Mon instrument de prédilection est la flûte peule guinéenne, appelée aussi flûte mandingue. Au départ, les bergers utilisaient ces flûtes pour guider le bétail, et également lors de funérailles, pour des moments bien précis. Peu à peu, leur utilisation s’est développée. Ces flûtes sont en roseau et on ne trouve pas ces roseaux partout. J’ai profité de mon séjour en Guinée pour me procurer ces bois. Je fabrique mes propres flûtes. Je joue également du Tamani, appelé également Tambour parlant ou Tambour d’aisselle. Il s’agit d’une petite percussion originaire du Sénégal, l’instrument du griot par excellence. Le Djéli N’goni (Luth du griot) est un instrument que j’affectionne également beaucoup et j’aime à détourner les codes avec ! Enfin, j’utilise la calebasse avec les baguettes et je l’agrémente avec des éléments de batterie. C’est l’occasion pour moi de travailler une technique personnelle avec cet instrument.

Dans ton jeu de flûtes tu utilises également ta voix, que cherches tu à transmettre ?
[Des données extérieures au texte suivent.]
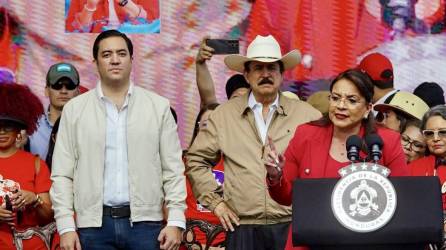 Fotografía muestra a la presidenta Xiomara Castro, junto a “Mel” Zelaya y Héctor Zelaya, durante una marcha del oficialismo en Tegucigalpa.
Je transmets ma sincérité et le côté mystique de l’instrument et de ce qui sort de moi lorsque je joue. J’utilise la voix dans la flûte pour transmettre des valeurs telles que la force, la paix et la solidarité. En jouant, je cherche tout d’abord la communion avec mes ancêtres. D’autre-part, la flûte est un instrument parlant et cela s’impose parfois, la voix touche et interpelle. Le message passe par la voix, traverse le corps et le cœur du public, c’est une émotion de plus.

Est-ce une technique traditionnelle de ton pays ?

C’est une technique traditionnelle d’Afrique de l’ouest, effectivement. Je suis burkinabé, originaire du Nord-Ouest du Burkina Faso, d’ethnie Bwaba, mais je me considère au-delà des frontières géographiques. Cette technique complète et donne sa particularité à l’instrument. C’est un moyen de communication qui, au départ, prend sa source dans la nature, une manière de dialoguer avec les animaux. Je l’utilise et la développe à ma manière.

Quelles sont tes principales sources d’inspiration artistiques ?

Les comportements de la vie quotidienne, la nature. Je m’inspire de toute chose, des échanges qui permettent d’éclaircir des recherches. Le calme m’inspire également.Musicalement, je vais vers l’inconnu souvent et cela me permet de repréciser ce que je suis. J’aime particulièrement le Jazz, car cela concerne tout le monde et c’est pour moi le symbole de la liberté. Je suis également sensible au rock, au punk par exemple qui me touche par sa violence parfois, cette manière d’exister. Le Blues quant à lui est ancré en moi, c’est la sincérité et l’authenticité, la musique du cœur.

Est-ce que dans ta musique et dans tes mots il y a un message particulier ?

Dans ma musique et mes mots, je transmets un message de paix et d’union. Mes textes parlent de solidarité et de liberté, que j’essaie de transmettre, et donner à se sentir libre.

Pourquoi ce choix de te produire essentiellement en solo ?

Je développe actuellement mon solo Déclinaison(s) et, comme son nom l’indique, on y découvre plusieurs facettes de moi-même au travers de mes instruments, je ne me sens donc pas seul ! Plus sérieusement, il me semblait important de porter ce projet solo pour marquer mon identité en tant que musicien et personne. C’est le premier projet que je porte professionnellement en France et je tiens à être identifié tout d’abord pour ce que je suis. Au-delà de ça, je collabore avec différentes formations et j’ai actuellement plusieurs projets en tournée et en création. « Play Own Play » en est un exemple, il s’agit d’un Quintet Jazz qui groove comme j’aime ! J’ai également un autre projet en cours, un trio. A suivre.